Caption-style text data:
/---

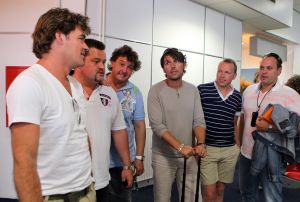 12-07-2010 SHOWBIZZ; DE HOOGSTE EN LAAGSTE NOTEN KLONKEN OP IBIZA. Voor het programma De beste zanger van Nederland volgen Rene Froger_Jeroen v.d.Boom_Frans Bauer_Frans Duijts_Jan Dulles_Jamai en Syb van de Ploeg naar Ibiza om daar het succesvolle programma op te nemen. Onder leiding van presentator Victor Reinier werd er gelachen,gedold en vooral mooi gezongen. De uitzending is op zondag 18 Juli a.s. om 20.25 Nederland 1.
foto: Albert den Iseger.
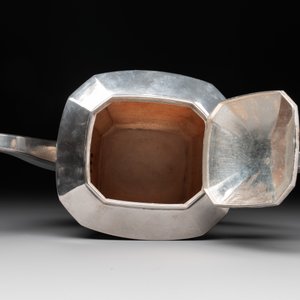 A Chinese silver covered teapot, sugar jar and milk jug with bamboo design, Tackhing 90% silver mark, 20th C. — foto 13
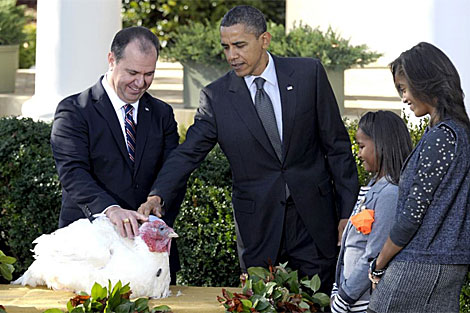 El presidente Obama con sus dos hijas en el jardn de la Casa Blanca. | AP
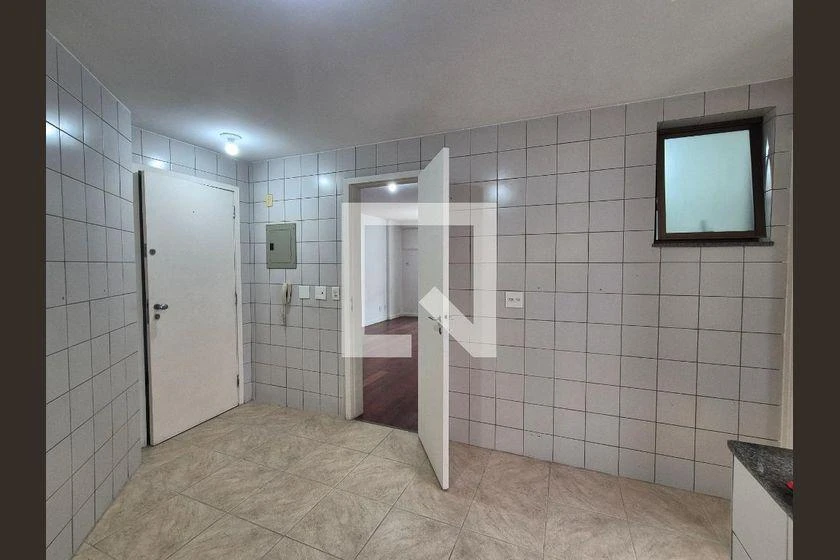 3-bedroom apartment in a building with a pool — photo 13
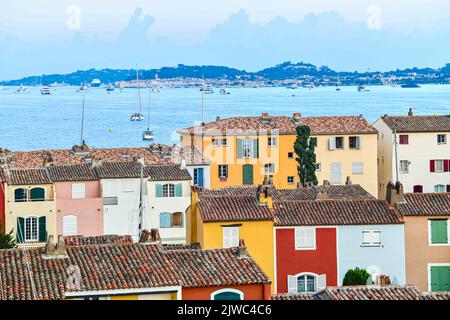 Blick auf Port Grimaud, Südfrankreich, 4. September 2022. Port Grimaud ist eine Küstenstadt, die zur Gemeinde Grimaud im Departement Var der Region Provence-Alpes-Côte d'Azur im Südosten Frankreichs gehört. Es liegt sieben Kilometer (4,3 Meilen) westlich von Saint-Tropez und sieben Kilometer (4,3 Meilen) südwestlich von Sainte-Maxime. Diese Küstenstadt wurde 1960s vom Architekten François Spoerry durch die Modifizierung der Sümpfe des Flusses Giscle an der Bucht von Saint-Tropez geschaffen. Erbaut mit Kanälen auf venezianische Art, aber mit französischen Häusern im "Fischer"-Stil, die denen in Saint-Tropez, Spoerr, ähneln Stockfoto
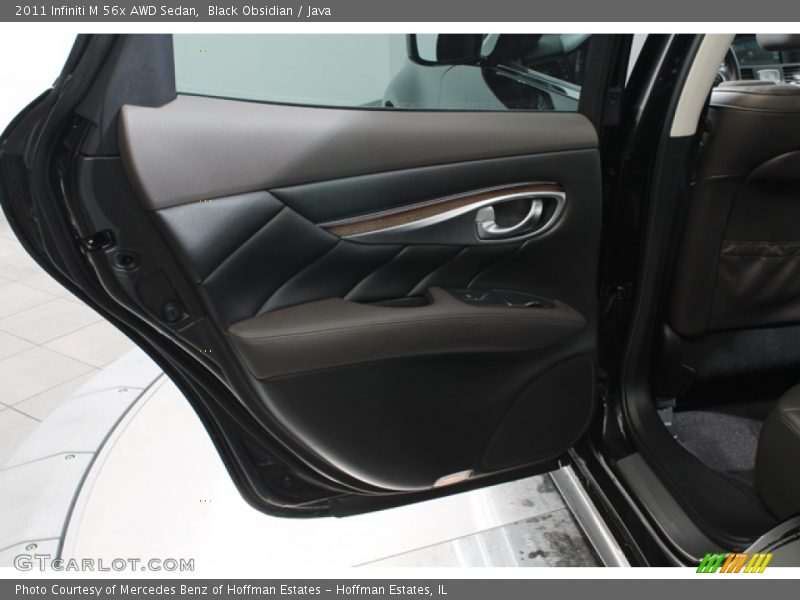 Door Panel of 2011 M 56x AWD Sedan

\---
/---

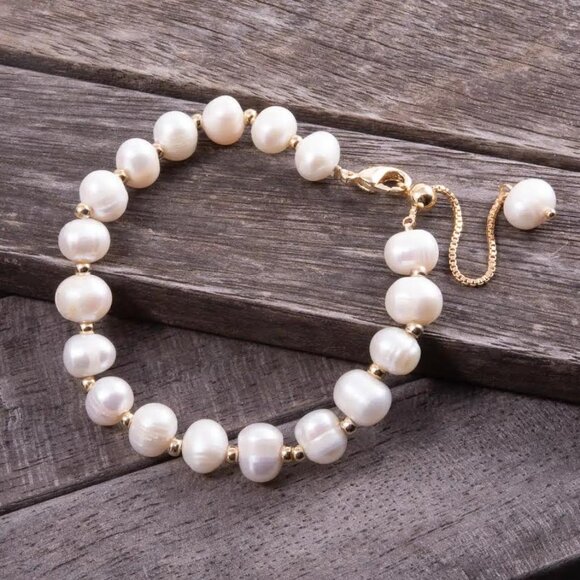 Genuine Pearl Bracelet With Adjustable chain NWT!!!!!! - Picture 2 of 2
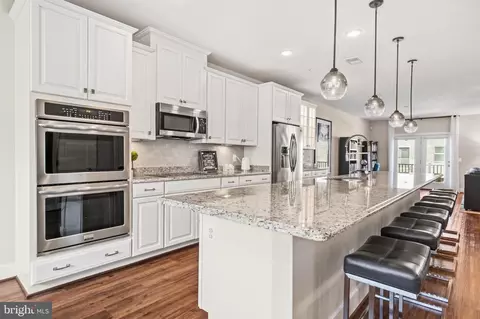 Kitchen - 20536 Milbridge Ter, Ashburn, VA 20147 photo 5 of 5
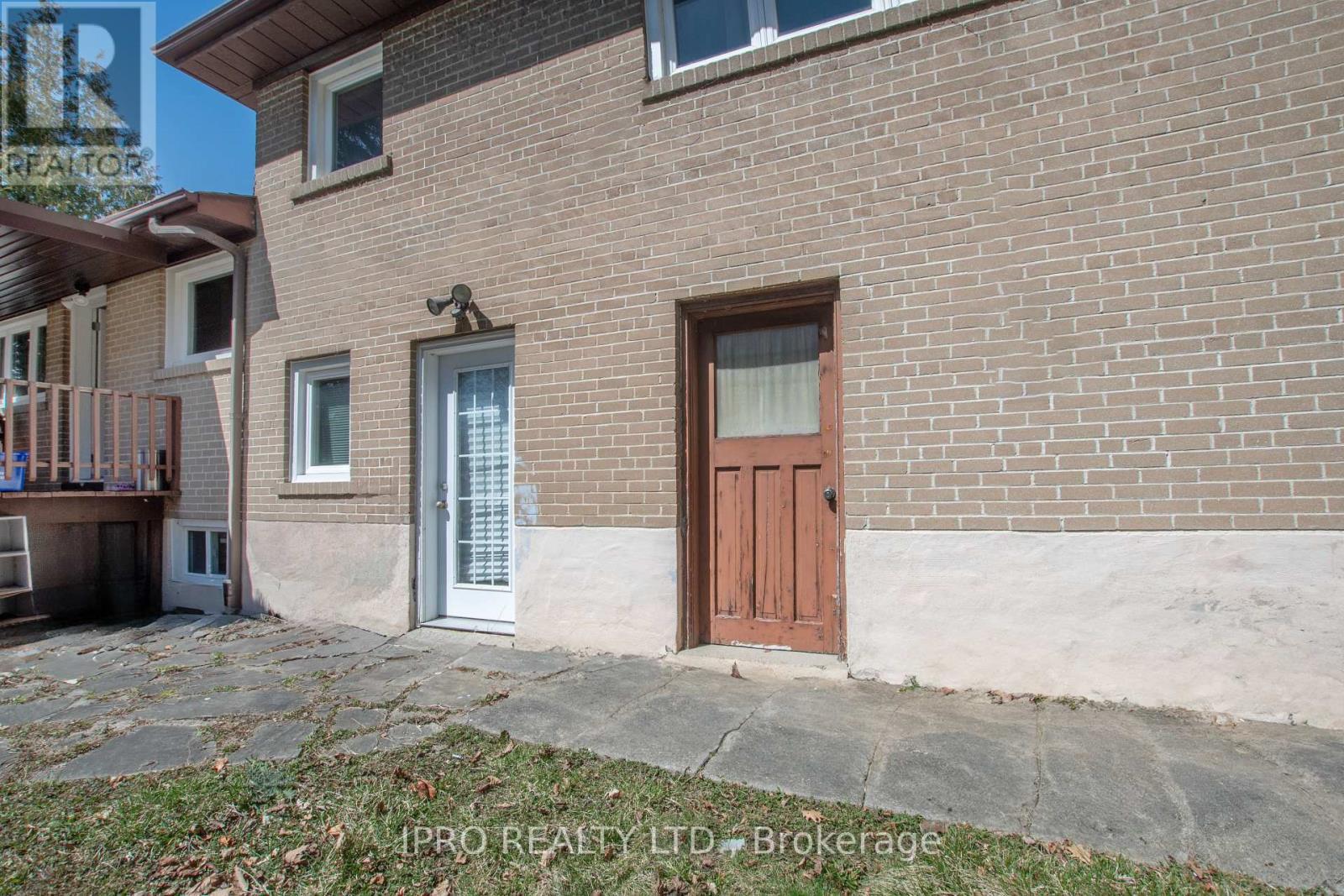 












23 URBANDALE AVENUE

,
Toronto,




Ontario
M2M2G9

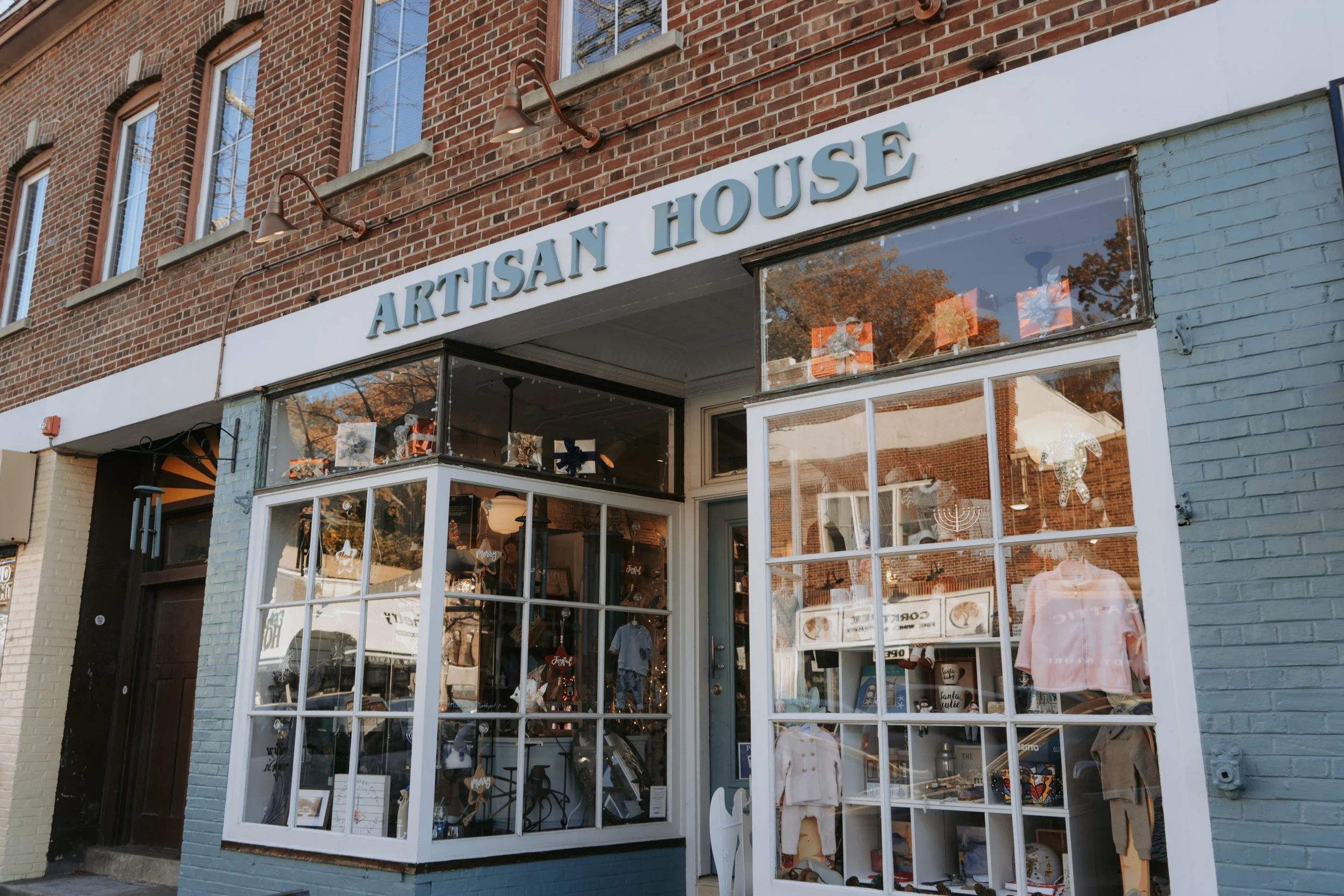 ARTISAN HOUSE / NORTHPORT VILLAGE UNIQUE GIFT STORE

\---

**WORK TASK**
The answer should consist only of the lines above from the one with "A Chinese silver" through the one with "3-bedroom apartment in", repeated exactly, with no pictures among them.

**FINISHED TASK**
 A Chinese silver covered teapot, sugar jar and milk jug with bamboo design, Tackhing 90% silver mark, 20th C. — foto 13
 El presidente Obama con sus dos hijas en el jardn de la Casa Blanca. | AP
 3-bedroom apartment in a building with a pool — photo 13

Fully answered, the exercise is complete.